**Records shown**
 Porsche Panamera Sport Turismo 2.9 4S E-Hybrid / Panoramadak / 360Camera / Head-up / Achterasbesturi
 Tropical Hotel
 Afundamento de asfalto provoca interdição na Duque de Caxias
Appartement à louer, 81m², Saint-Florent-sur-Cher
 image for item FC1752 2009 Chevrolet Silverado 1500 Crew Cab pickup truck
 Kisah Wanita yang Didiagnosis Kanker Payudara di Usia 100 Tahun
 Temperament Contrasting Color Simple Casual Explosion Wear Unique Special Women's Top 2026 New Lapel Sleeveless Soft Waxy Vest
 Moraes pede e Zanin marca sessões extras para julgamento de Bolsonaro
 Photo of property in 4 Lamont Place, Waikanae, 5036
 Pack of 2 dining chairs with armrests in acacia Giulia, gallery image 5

...

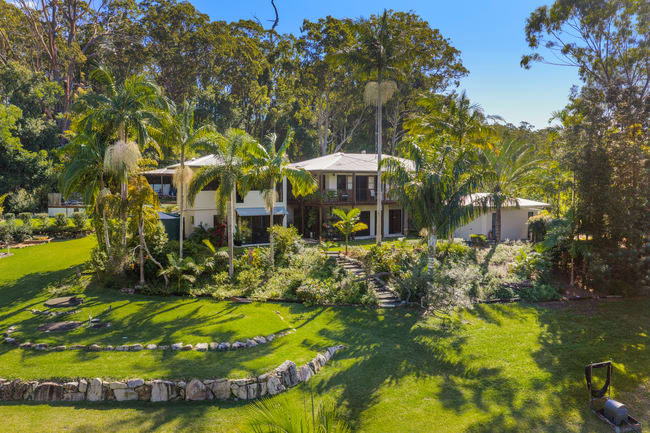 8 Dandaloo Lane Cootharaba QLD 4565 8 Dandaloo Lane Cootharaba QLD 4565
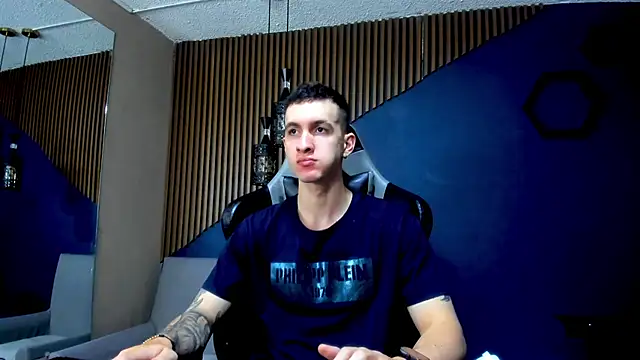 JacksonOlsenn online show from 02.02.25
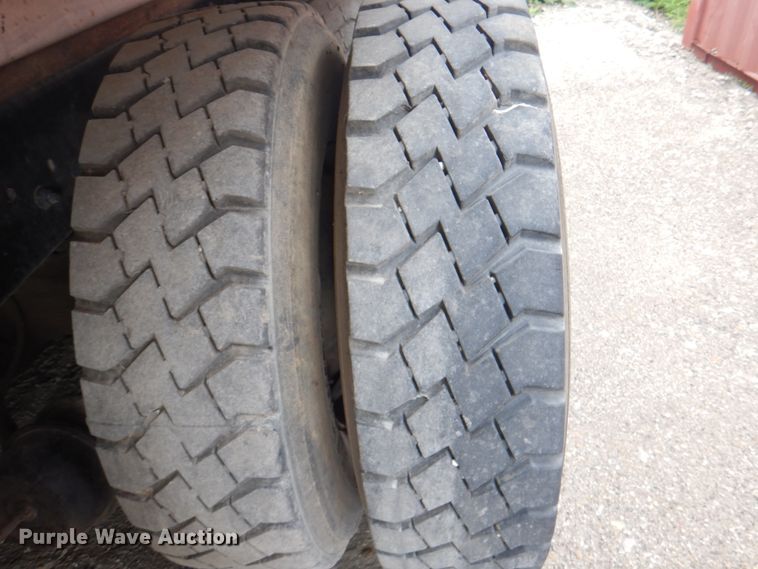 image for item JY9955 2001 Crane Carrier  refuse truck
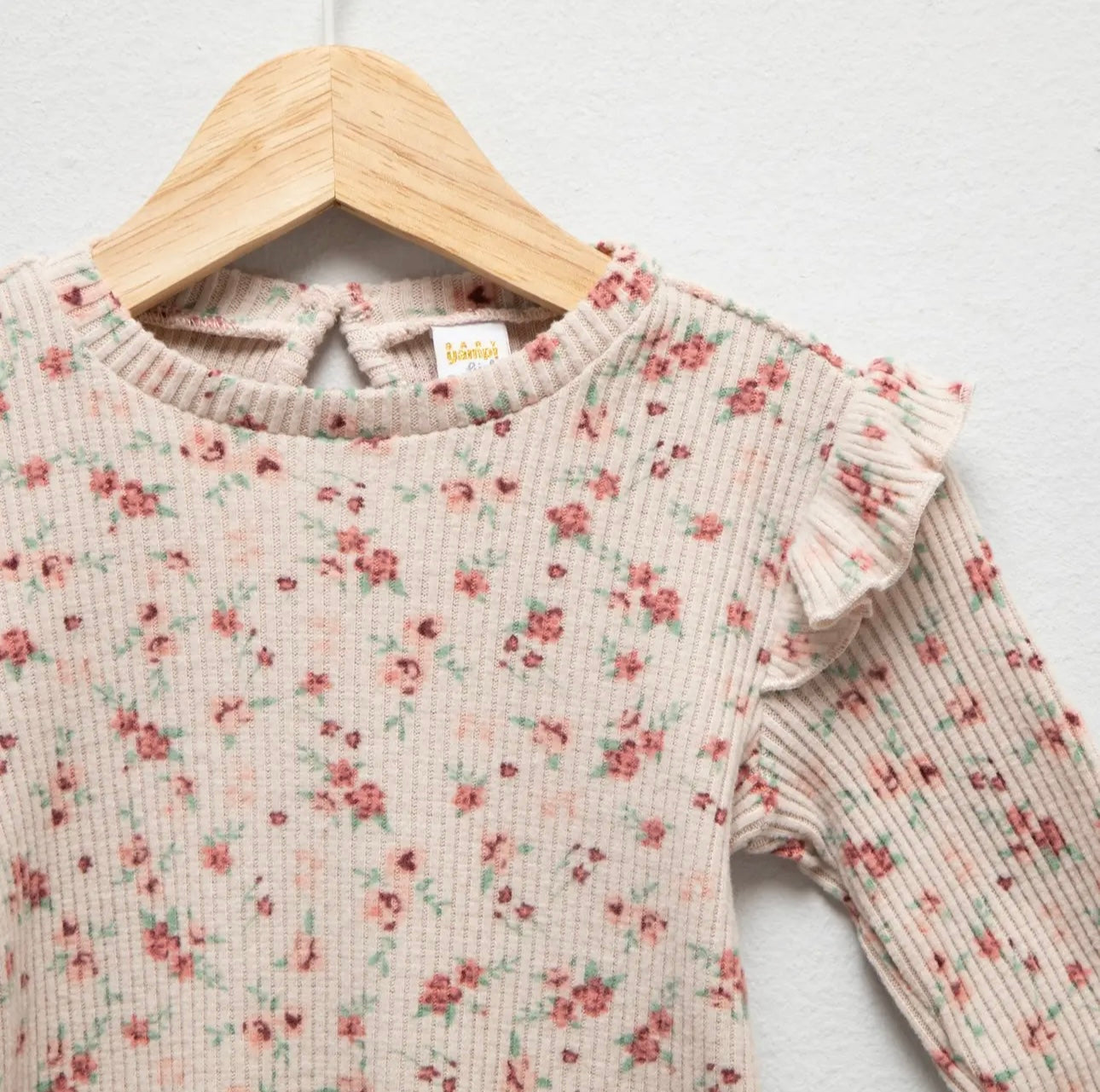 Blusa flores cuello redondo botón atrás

**What the task asks**
There is a line with "Porsche Panamera Sport" and a line with "Pack of 2 dining" above. Copy exactly those two lines and all lines between them, with nothing else.

**Output below**
 Porsche Panamera Sport Turismo 2.9 4S E-Hybrid / Panoramadak / 360Camera / Head-up / Achterasbesturi
 Tropical Hotel
 Afundamento de asfalto provoca interdição na Duque de Caxias
Appartement à louer, 81m², Saint-Florent-sur-Cher
 image for item FC1752 2009 Chevrolet Silverado 1500 Crew Cab pickup truck
 Kisah Wanita yang Didiagnosis Kanker Payudara di Usia 100 Tahun
 Temperament Contrasting Color Simple Casual Explosion Wear Unique Special Women's Top 2026 New Lapel Sleeveless Soft Waxy Vest
 Moraes pede e Zanin marca sessões extras para julgamento de Bolsonaro
 Photo of property in 4 Lamont Place, Waikanae, 5036
 Pack of 2 dining chairs with armrests in acacia Giulia, gallery image 5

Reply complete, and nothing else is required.